GEREKÇE: Davacı şirket gerek talep, gerekse istinaf başvuru dilekçesinde talebinin ihtiyati tedbire ilişkin olduğunu belirterek dava süresince davalının malvarlığı üzerine ihtiyati tedbir konulmasını talep etmiştir. HMK'nın 389. maddesi uyarınca, "Mevcut durumda meydana gelebilecek bir değişme sebebiyle hakkın elde edilmesinin önemli ölçüde zorlaşacağından ya da tamamen imkansız hale geleceğinden veya gecikme sebebiyle bir sakıncanın yahut ciddi bir zararın doğacağından endişe edilmesi hallerinde uyuşmazlık konusu hakkında ihtiyat tedbir kararı verilebilir. "şeklindedir.
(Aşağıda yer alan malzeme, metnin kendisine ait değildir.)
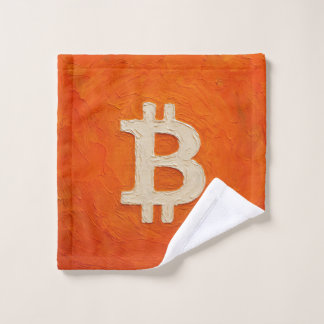 Bitcoin Standard (Huile, Style : 3)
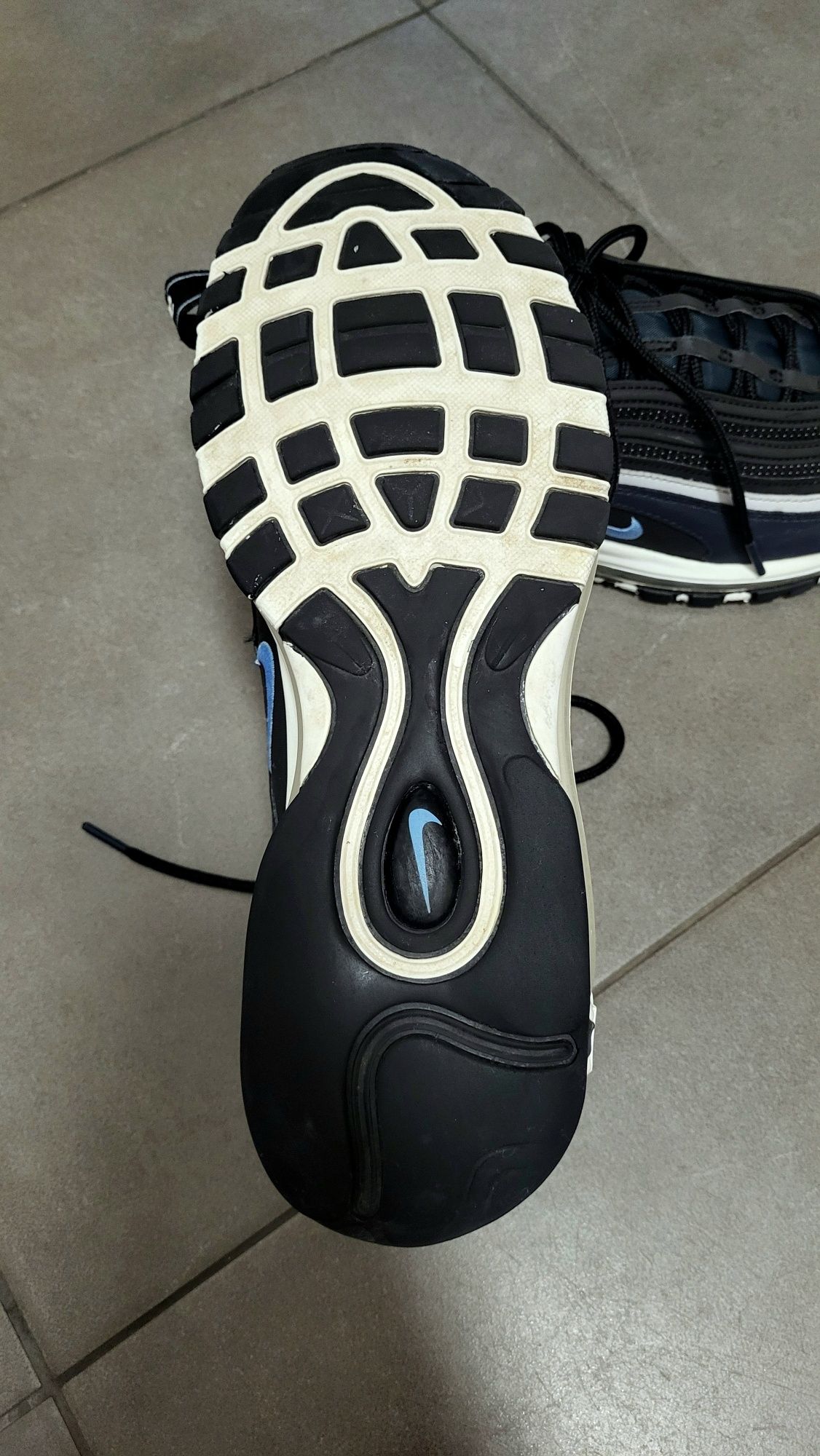 ОРИГИНАЛНИ Обувки Nike Air Max 97 - 46 номер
Aynı yasanın 390/3 maddesi,'' Tedbir talep eden taraf, dilekçesinde dayandığı ihtiyati tedbir sebebini ve türünü açıkca belirtmek ve davanın esası yönünden kendisinin haklılığını yaklaşık olarak ispat etmek zorundadır'' düzenlemesini içermektedir. Somut olayda, sözleşmeye dayalı başlatılan takibe vaki itirazın iptali davası olduğu, dolayısıyla davalının malvarlığı ile 3.kişilerdeki hak ve alacaklarının iş bu davanın konusunu teşkil etmediği açıktır. HMK.nun 389 maddesinin açık hükmü gereği ihtiyati tedbire ancak davalı borçlunun uyuşmazlık konusu olan mal varlığı değerleri bakımından karar verilebileceği, para alacağı talepli davalarda koşulları varsa İİK hükümlerine göre ihtiyati haciz kararı verilebileceği,somut uyuşmazlıktaki gibi konusu para alacağı olan davalarda ihtiyati tedbir kararı verilmesi imkanı bulunmadığı yargı kararları ile sabittir .Mahkemece HMK 389 maddesi gereği,öncelikli koşul olan,“... ihtiyati tedbirin uyuşmazlık konusu hakkında verilebileceği” koşulu yönünden davacı vekilinin ihtiyati tedbir talebinin reddine karar verilmesinde isabetsizlik olmayıp, ara kararına yönelik ileri sürülen istinaf nedenleri yerinde bulunmamaktadır. Davacı vekilinin istinaf başvurusunun esastan reddine karar verilmiştir.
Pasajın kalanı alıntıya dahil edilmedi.